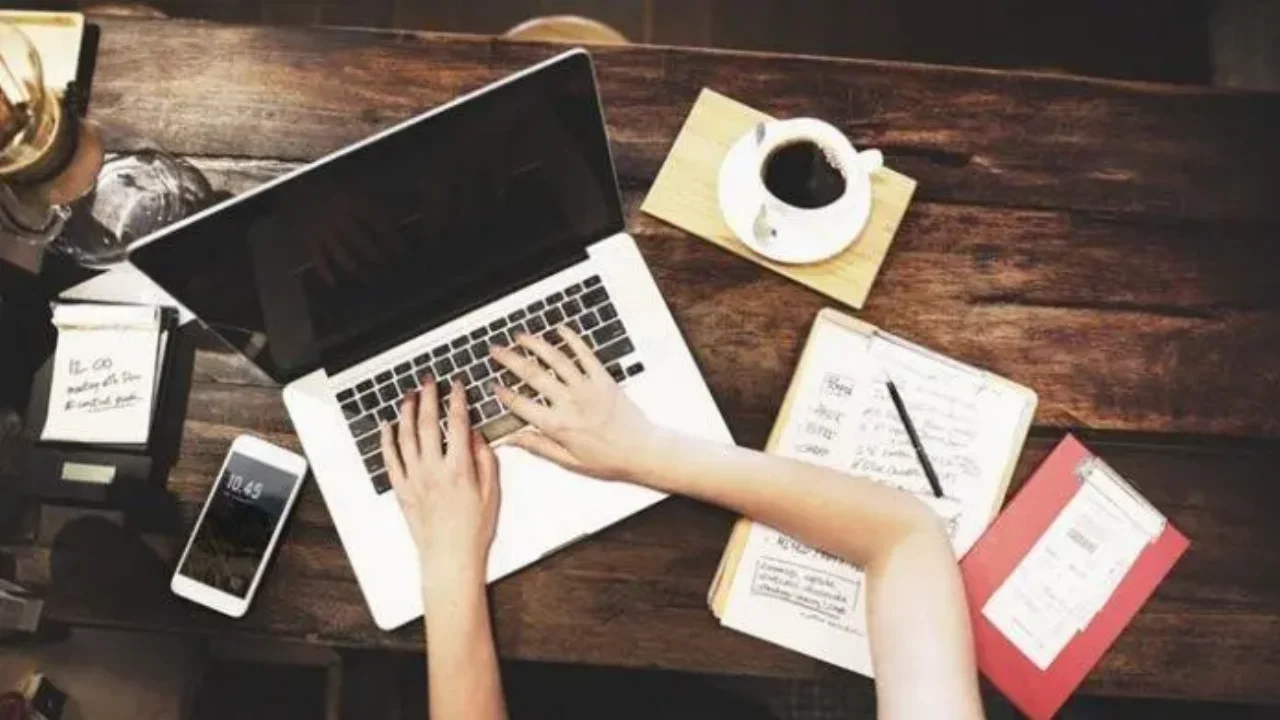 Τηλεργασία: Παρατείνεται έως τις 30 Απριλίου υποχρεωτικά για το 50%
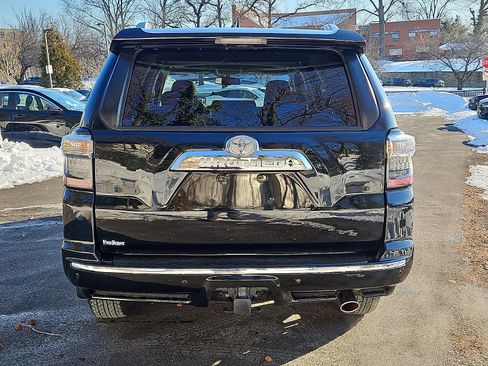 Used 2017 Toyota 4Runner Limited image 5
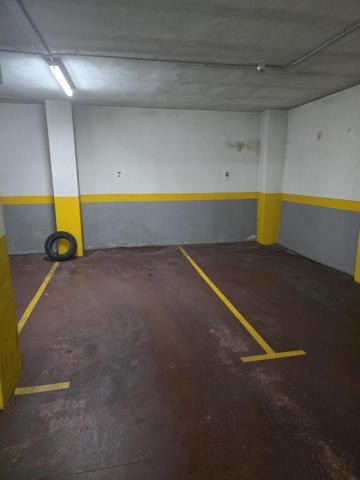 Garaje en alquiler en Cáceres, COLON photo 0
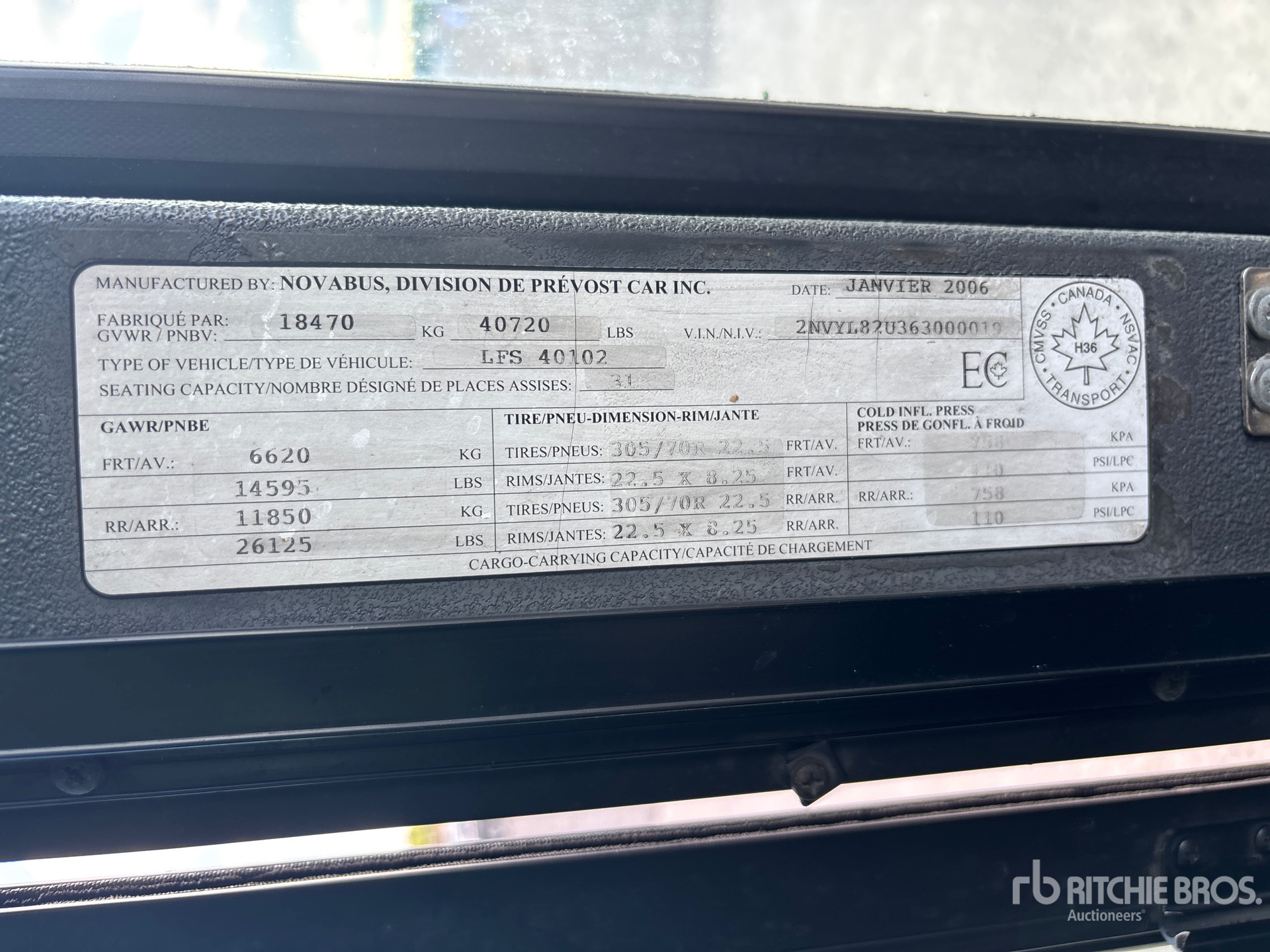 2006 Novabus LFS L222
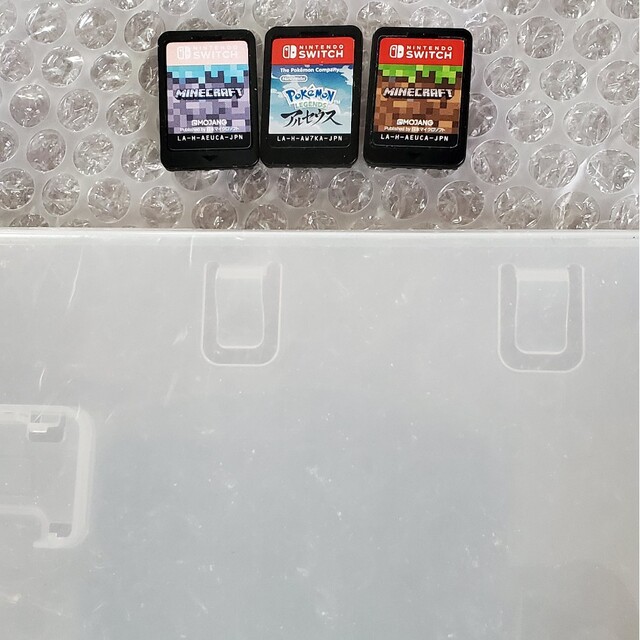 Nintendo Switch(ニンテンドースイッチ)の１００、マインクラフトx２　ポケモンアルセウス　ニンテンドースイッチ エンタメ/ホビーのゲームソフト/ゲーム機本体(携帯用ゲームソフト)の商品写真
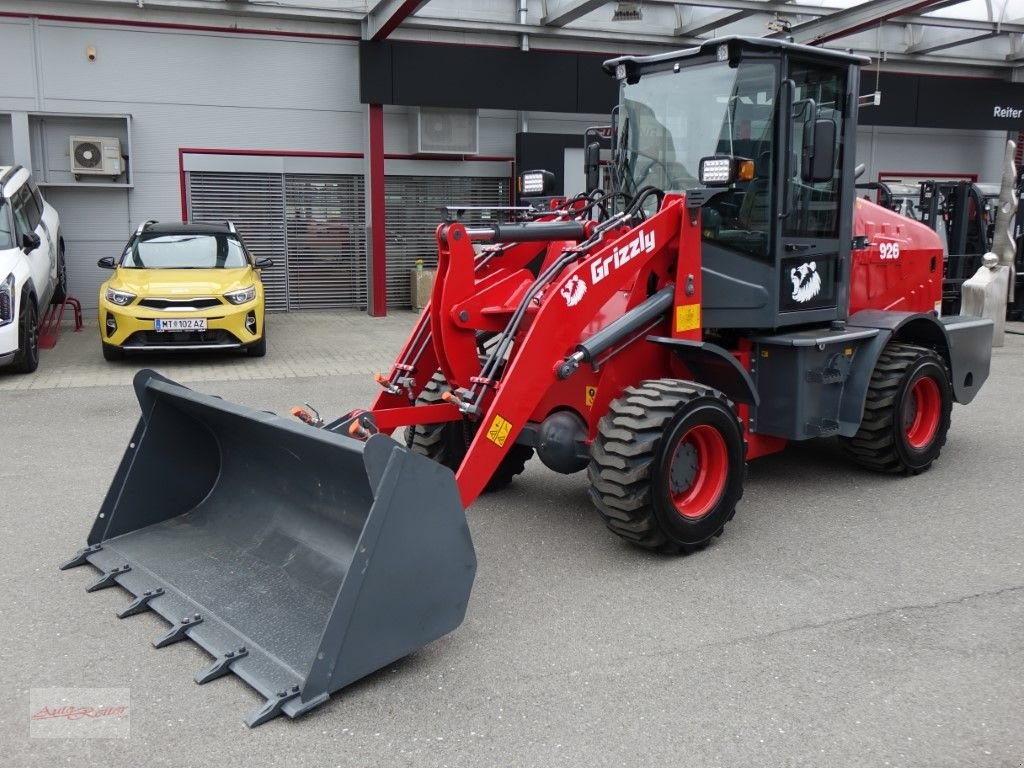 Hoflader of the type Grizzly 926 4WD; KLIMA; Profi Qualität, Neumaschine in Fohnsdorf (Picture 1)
──────────
▶ **Prompt**
Except for the pictures, print the data above exactly.

▶ **Finished task**
 Τηλεργασία: Παρατείνεται έως τις 30 Απριλίου υποχρεωτικά για το 50%
 Used 2017 Toyota 4Runner Limited image 5
 Garaje en alquiler en Cáceres, COLON photo 0
 2006 Novabus LFS L222
 Nintendo Switch(ニンテンドースイッチ)の１００、マインクラフトx２　ポケモンアルセウス　ニンテンドースイッチ エンタメ/ホビーのゲームソフト/ゲーム機本体(携帯用ゲームソフト)の商品写真
 Hoflader of the type Grizzly 926 4WD; KLIMA; Profi Qualität, Neumaschine in Fohnsdorf (Picture 1)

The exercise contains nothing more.